--- Given records Enclosed Below ---

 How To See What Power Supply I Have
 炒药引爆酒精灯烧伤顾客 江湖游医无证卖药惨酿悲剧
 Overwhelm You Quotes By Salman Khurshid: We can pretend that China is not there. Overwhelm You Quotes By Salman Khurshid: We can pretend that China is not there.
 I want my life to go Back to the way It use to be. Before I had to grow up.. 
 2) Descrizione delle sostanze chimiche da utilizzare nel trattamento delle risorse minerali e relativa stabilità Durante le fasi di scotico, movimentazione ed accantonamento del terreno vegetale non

--- End of Enclosed Given records ---
--- Given records Enclosed Below ---

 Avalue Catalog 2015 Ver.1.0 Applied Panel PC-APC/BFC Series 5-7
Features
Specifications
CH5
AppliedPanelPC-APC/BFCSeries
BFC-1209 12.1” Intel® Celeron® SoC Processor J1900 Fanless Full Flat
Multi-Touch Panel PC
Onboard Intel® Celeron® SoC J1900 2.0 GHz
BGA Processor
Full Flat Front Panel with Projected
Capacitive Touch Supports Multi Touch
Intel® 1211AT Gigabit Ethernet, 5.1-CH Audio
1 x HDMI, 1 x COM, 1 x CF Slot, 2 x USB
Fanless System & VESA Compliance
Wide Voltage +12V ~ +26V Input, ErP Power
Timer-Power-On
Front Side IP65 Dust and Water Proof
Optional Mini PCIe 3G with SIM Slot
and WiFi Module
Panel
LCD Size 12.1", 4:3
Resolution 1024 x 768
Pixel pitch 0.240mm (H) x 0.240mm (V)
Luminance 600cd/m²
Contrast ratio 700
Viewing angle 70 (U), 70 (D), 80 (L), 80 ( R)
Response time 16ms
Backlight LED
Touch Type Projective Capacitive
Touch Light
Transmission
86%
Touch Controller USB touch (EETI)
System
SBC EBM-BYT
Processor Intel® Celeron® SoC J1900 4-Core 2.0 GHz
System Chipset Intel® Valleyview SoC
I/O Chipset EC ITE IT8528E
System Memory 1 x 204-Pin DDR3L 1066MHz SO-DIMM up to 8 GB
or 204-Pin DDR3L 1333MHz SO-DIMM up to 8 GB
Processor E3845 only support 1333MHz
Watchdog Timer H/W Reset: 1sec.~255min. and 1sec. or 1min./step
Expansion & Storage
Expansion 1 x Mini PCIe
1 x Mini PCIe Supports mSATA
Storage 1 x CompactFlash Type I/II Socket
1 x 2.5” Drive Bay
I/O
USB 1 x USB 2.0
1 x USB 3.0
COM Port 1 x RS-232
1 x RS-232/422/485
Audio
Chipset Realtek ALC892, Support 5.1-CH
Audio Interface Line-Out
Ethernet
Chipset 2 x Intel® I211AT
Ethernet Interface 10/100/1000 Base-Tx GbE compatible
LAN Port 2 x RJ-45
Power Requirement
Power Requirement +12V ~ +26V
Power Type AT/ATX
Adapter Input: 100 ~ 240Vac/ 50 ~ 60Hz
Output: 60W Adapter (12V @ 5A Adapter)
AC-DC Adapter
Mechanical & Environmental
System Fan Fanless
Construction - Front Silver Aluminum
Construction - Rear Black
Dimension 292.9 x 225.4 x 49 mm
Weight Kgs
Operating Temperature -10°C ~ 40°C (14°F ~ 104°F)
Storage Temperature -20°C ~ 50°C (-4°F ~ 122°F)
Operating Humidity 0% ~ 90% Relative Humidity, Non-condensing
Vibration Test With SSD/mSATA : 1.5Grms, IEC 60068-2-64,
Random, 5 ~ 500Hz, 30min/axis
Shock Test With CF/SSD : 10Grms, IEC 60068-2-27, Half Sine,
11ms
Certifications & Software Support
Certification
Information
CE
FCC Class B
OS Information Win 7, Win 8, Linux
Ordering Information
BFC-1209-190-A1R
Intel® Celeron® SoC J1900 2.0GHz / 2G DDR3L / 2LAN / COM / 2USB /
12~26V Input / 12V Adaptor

--- End of Enclosed Given records ---

__Exercise instructions__. Take the lines above from the one containing "Adapter Input: 100 ~ 240Vac/ 50 ~ 60Hz" down to the one containing "12~26V Input / 12V Adaptor", and transcribe them exactly, both ends included.

__Expected answer__.
Adapter Input: 100 ~ 240Vac/ 50 ~ 60Hz
Output: 60W Adapter (12V @ 5A Adapter)
AC-DC Adapter
Mechanical & Environmental
System Fan Fanless
Construction - Front Silver Aluminum
Construction - Rear Black
Dimension 292.9 x 225.4 x 49 mm
Weight Kgs
Operating Temperature -10°C ~ 40°C (14°F ~ 104°F)
Storage Temperature -20°C ~ 50°C (-4°F ~ 122°F)
Operating Humidity 0% ~ 90% Relative Humidity, Non-condensing
Vibration Test With SSD/mSATA : 1.5Grms, IEC 60068-2-64,
Random, 5 ~ 500Hz, 30min/axis
Shock Test With CF/SSD : 10Grms, IEC 60068-2-27, Half Sine,
11ms
Certifications & Software Support
Certification
Information
CE
FCC Class B
OS Information Win 7, Win 8, Linux
Ordering Information
BFC-1209-190-A1R
Intel® Celeron® SoC J1900 2.0GHz / 2G DDR3L / 2LAN / COM / 2USB /
12~26V Input / 12V Adaptor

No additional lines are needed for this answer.